低温でじっくり揚げた名物天ぷらと季節の魚介を味わう

「当店の名物です」と中川さんと語るサツマイモの天ぷら(左)、右はタチウオ

「油の温度を数度上下するだけで、仕上がりは全く違ってきます」と天ぷらの極意を語る中川さん。その細かい温度設定を駆使した一品がサツマイモの天ぷらだ。「170℃でじっくり1時間かけて揚げます」というから驚きだ。

断面が美しい黄金色に変化したサツマイモ
 

山本憲資

サツマイモの天ぷらと言えば薄く輪切りにしたものが多いですが、こちらはとても分厚い! 口にすると、軟らかくねっとりとした舌触りで、凝縮された甘みがあとを引きます!

大葉と共にサックリと揚げたタチウオ

季節の魚介は中川さんご自身が毎日市場に足を運び、選んできたものを提供する。ご実家の寿司店や北新地の割烹で、長年腕を磨いてきただけあって、その目利きには自信がある。

 

山本憲資

この日の季節の魚介はタチウオ。表面はサックリと仕上げ、身はホックホク! 爽やかな大葉の香りが鼻へ抜けていき、淡泊で上品な味わいです。ほかにも時期によって、イワシの梅肉挟みなど、旬の魚を最適なアレンジで提供してくれます。

希少なそば粉を使ったこだわりのそばで締める

そば本来の香りと味が引き出された「もりそば」(880円)。作家物の器も目を引く

最後にそばをたぐって締めとしたい。こちらで使用するそば粉は「奈川在来」という品種。かつて信州で育てられながら少ない収穫量ゆえに「幻のそば粉」と呼ばれた希少な品種だ。「いろいろなそば粉を使ってきましたが、香りや味わいはもちろん、手触りなど、全てにおいて明らかに違っていました」と中川さん。

2階に上がるとすぐに現れる打ち台。毎日その日の分だけを打つ

「大阪で奈川在来を使っているのは恐らく当店だけ」と胸を張る中川さん。それ以外にも水は大阪北部の箕面山中の湧き水、だしには京都のカツオ節専門店から仕入れたサバとメジカの粗削り節に、追いガツオを加えるなど、こだわりは数知れず。

そばの香りと味、そして歯応えが絶妙なバランスで楽しめる
 

山本憲資

まずはそばの香りを楽しみ、次につゆを軽くつけて味をじっくりと堪能します。程よいコシと口の中いっぱいに広がるそばの味わい。絶妙な塩梅に仕上げた、まろやかなつゆがそばをさらに引き立ててくれます。
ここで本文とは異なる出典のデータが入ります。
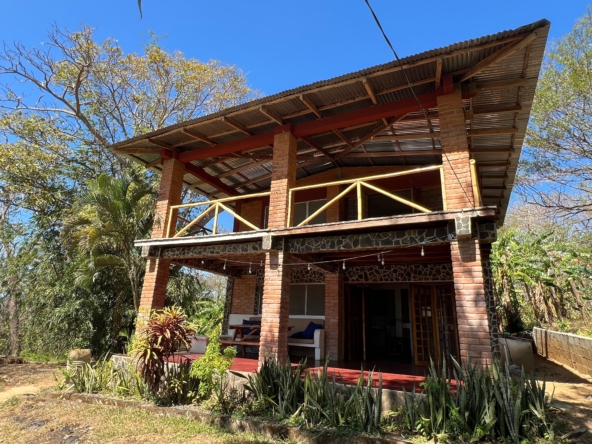 Rustic-House-Horizonte-Nica-17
「初めて来た人はこの店の静けさに驚きますね」と笑う中川さん。確かに階下のお初天神裏参道では、酔客が賑やかに行き交っている。その喧噪の中にあって、静かに料理と向き合えるのはちょっとした大人の優越感だ。大阪駅にも近く、何かとアクセス容易な場所にありながら、隠れ家的な店。まさに「誰にも教えたくない店」を見つけたような気がした。

※価格はすべて税込です。

※本記事は取材日(2022年8月23日)時点の情報をもとに作成しました。

※時節柄、営業時間やメニュー等の内容に変更が生じる可能性があるため、お店のSNSやホームページ等で事前にご確認ください。

※外出される際は人混みの多い場所は避け、各自治体の情報をご参照の上、感染症対策を実施し十分にご留意ください。